Exercise: Only the text of the records belongs in the answer, copied exactly, with every picture omitted.

*** Exercise data ***

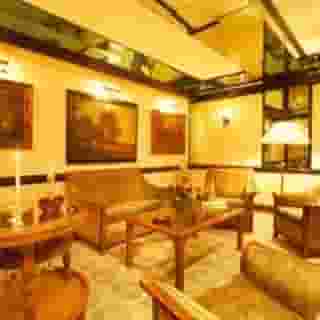 Palace Prague, 5 of 5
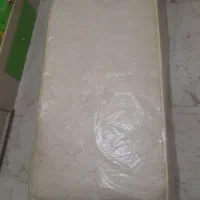 تشک کودک خوشخواب کودک رویا ۱۳۵×۷۰|تشک تختخواب|تهران, ابوذر|دیوار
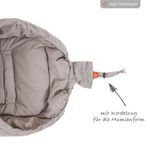 Product Image-6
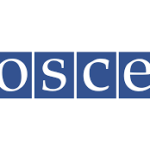 Senior Adviser on New Voting Technologies At Organization for Security and Co-operation in Europe
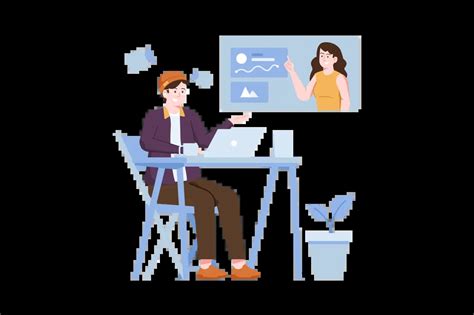 Image result for Free Slideshow Software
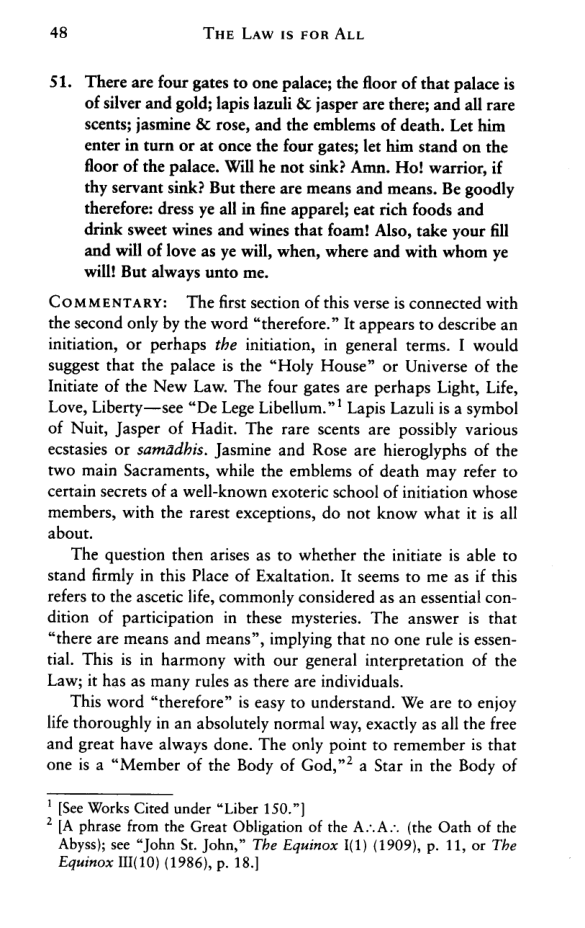 Original scan of The Law is for All, PDF page 47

*** End of Exercise data ***

Written answer:
 Palace Prague, 5 of 5
 تشک کودک خوشخواب کودک رویا ۱۳۵×۷۰|تشک تختخواب|تهران, ابوذر|دیوار
 Product Image-6
 Senior Adviser on New Voting Technologies At Organization for Security and Co-operation in Europe
 Image result for Free Slideshow Software
 Original scan of The Law is for All, PDF page 47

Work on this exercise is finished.